▶ Given information:
===

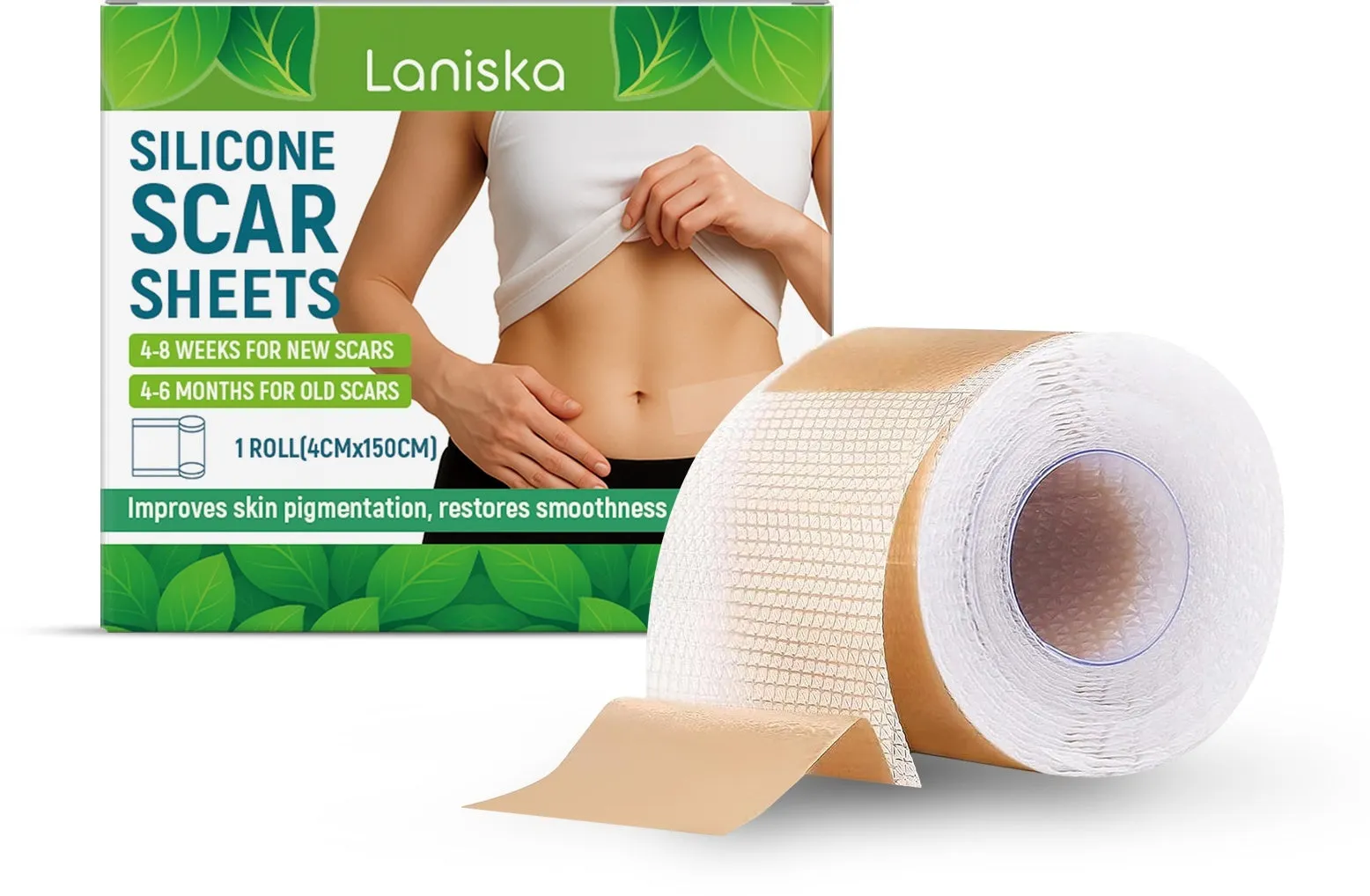 Silicone scar sheets roll measuring 4cm wide by 150cm long with tea tree oil and aloe extract ingredients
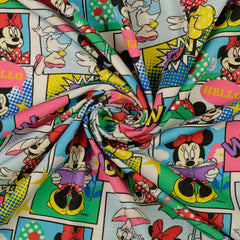 Reststück: 1,20 Lizenz Baumwolljersey Disney Minnie Mouse All Over Muster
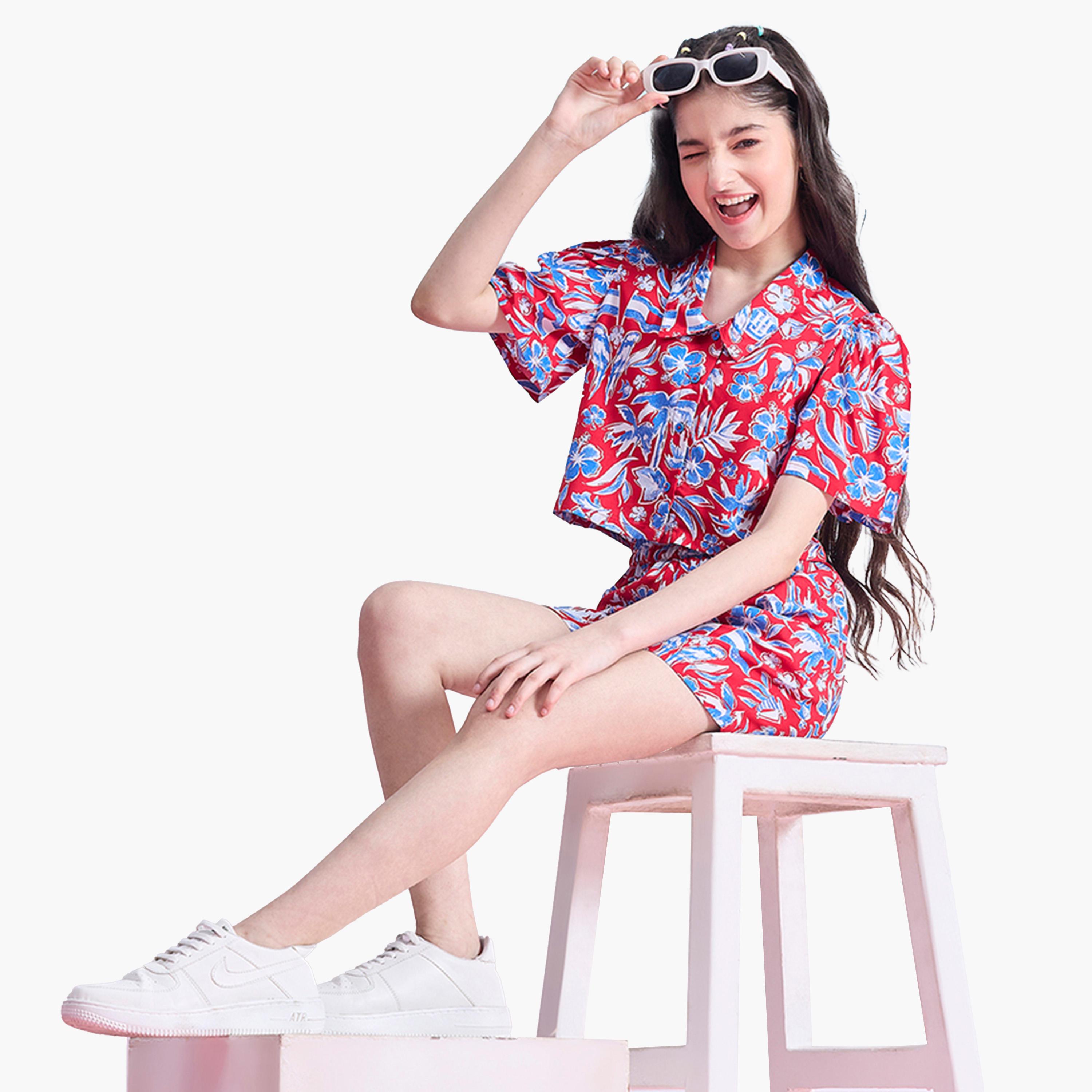 ستايلو باغ × ستايلي-  طقم قميص قصير وشورت مطبوع بالكامل-girls-clothing-setsandcoords-image-2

===

▶ Problem: Your answer must be an exact copy of the data above, minus its pictures.

▶ Written response:
 Silicone scar sheets roll measuring 4cm wide by 150cm long with tea tree oil and aloe extract ingredients
 Reststück: 1,20 Lizenz Baumwolljersey Disney Minnie Mouse All Over Muster
 ستايلو باغ × ستايلي-  طقم قميص قصير وشورت مطبوع بالكامل-girls-clothing-setsandcoords-image-2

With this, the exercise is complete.